Take the line that contains "TURQUOISE OVAL Small Sterling Silver Cuff" and all lines after it, up to and including the last line of the data, and write them out exactly; nothing else belongs in the answer.

#### Short web captions
★ ★ ★ ★

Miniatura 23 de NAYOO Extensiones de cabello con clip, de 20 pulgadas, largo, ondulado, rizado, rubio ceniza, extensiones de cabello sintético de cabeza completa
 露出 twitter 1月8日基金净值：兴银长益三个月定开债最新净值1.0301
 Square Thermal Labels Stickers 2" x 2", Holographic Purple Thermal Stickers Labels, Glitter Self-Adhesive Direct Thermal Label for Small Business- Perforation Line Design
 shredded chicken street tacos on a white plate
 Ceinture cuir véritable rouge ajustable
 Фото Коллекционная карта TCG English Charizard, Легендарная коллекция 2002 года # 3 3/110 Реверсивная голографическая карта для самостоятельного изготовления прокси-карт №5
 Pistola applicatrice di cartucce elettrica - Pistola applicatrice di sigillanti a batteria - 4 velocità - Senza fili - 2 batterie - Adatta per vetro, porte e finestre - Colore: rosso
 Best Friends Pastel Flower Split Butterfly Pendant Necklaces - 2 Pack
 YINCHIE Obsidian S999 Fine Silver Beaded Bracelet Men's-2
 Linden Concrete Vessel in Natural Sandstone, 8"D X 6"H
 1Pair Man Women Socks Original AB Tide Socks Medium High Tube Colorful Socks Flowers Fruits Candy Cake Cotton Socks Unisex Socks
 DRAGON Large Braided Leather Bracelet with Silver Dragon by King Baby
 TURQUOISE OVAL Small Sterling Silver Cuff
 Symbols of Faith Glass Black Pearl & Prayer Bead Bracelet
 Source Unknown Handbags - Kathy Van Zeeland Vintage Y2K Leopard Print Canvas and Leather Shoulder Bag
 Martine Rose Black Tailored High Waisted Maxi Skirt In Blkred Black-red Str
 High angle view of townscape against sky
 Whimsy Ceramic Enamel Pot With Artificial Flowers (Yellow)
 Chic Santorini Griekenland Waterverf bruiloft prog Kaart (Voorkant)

★ ★ ★ ★

#### Task answer
 TURQUOISE OVAL Small Sterling Silver Cuff
 Symbols of Faith Glass Black Pearl & Prayer Bead Bracelet
 Source Unknown Handbags - Kathy Van Zeeland Vintage Y2K Leopard Print Canvas and Leather Shoulder Bag
 Martine Rose Black Tailored High Waisted Maxi Skirt In Blkred Black-red Str
 High angle view of townscape against sky
 Whimsy Ceramic Enamel Pot With Artificial Flowers (Yellow)
 Chic Santorini Griekenland Waterverf bruiloft prog Kaart (Voorkant)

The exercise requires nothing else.